The visual acuity is typically 20/30 or better when the patients initially seek medical attention. There is no proven treatment for the vision loss associated with type 2 macular telangiectasis. However, the subretinal neovascularization that occasionally complicates this disorder usually responds favorably to anti-VEGF treatment.
Table 1: Idiopathic Juxtafoveal Telangiectasis. Gass vs. Yannuzzi Classification
Type 1: aneurysmal telangiectasia of capillaries and venules.
Group 1A: unilateral, congential, telangiectatic capillaries temporal to the fovea
Group 1B: unilateral, idiopathic, telangiectasis next to the foveal avascular zone
Group 2A: bilateral idiopathic, acquired parafoveolar telangiectasis with retinal thickening temporal to the fovea, right-angle venules, retinal pigment epithelial hyperplastic plaques, subretinal neovascularization, and crystalline deposits
Group 2B: juvenile occult familial JXT
Type 2: Perifoveal telangiectasia
Group 3A: occlusive JXT with visual loss due to obliteration of perifoveal capillaries
Group 3B: occlusive JXT associated with central nervous system vasculopathy
Type 3: Occlusive telangiectasia
Take Home Points
Idiopathic juxtafoveolar retinal telangiectasis (IJT), also known as idiopathic macular telangiectasia, is a unilateral or bilateral disease associated with incompetent retinal capillaries in the juxtafoveal area.

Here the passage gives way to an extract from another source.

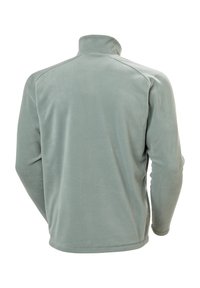 Fleece mikina v tlumeně zelené barvě, s vysokým límcem, dlouhými rukávy a šitými švy, s měkkým, texturovaným povrchem.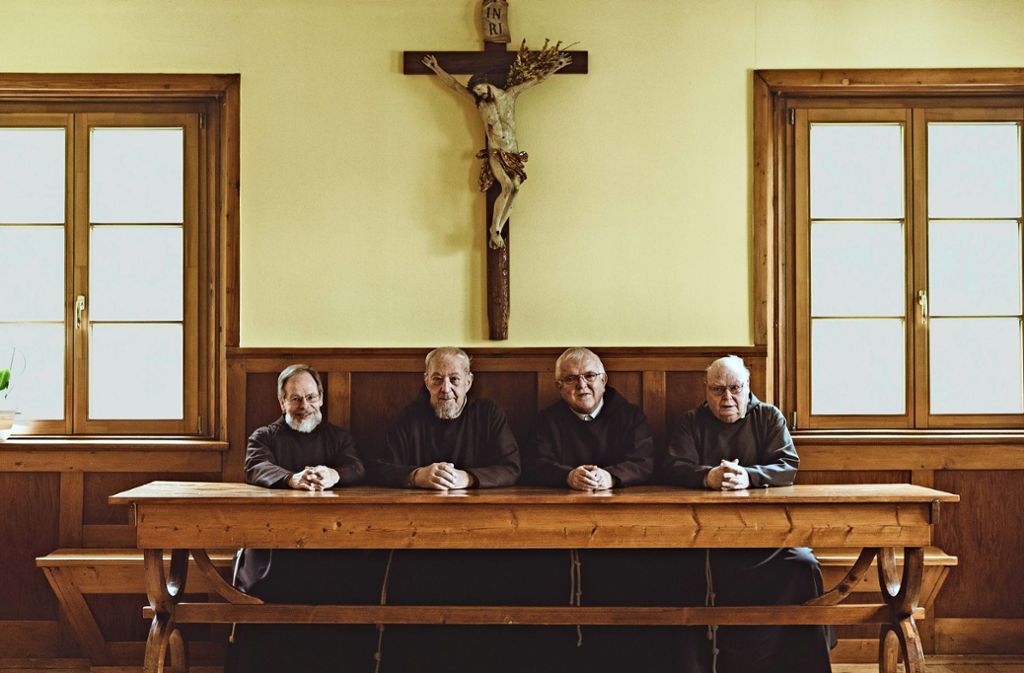 Fromme Männer-WG, kurz vor dem Auszug aus dem Kloster Ave Maria: Pater Pirmin, Pater Flavian, Pater Felix und Pater Alban (von links)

Group 2A or type 2 macular telangiectasia is the most common form with clinical findings of graying of the retina, glistening white deposits in the superficial retina, and right-angle venules.
Fluorescein angiography shows capillary dilatation in the juxtafoveal region. OCT demonstrates characteristic inner lamellar cystic changes with preservation of the internal limiting membrane.
Choroidal neovascularization may develop as a complication and responds to anti-VEGF treatment.